» WORK INSTRUCTIONS: The listing is to be reproduced exactly, excluding its pictures.

» RAW DATA:
+ + + + + + +

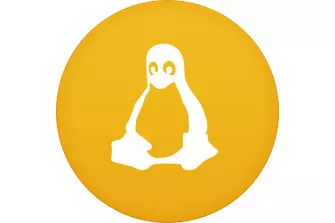 Linux 5.0: ecco le feature più interessanti
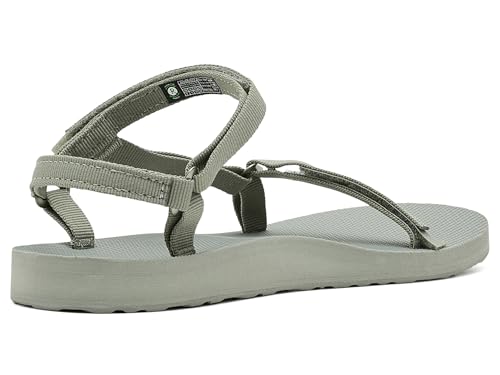Image of Teva Women's Original Universal Slim Lea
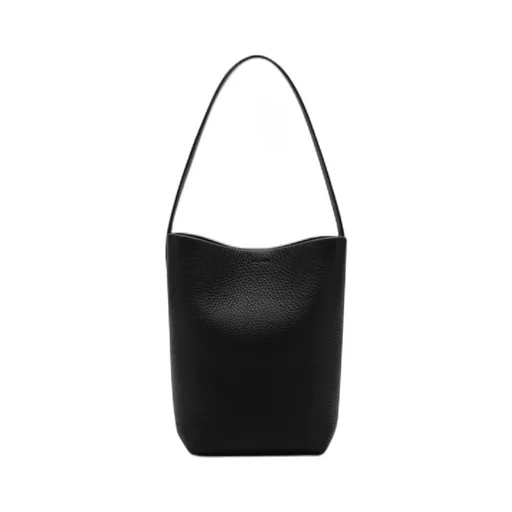 Small N/S Park Tote Bag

+ + + + + + +

» RESULT:
 Linux 5.0: ecco le feature più interessanti
Image of Teva Women's Original Universal Slim Lea
 Small N/S Park Tote Bag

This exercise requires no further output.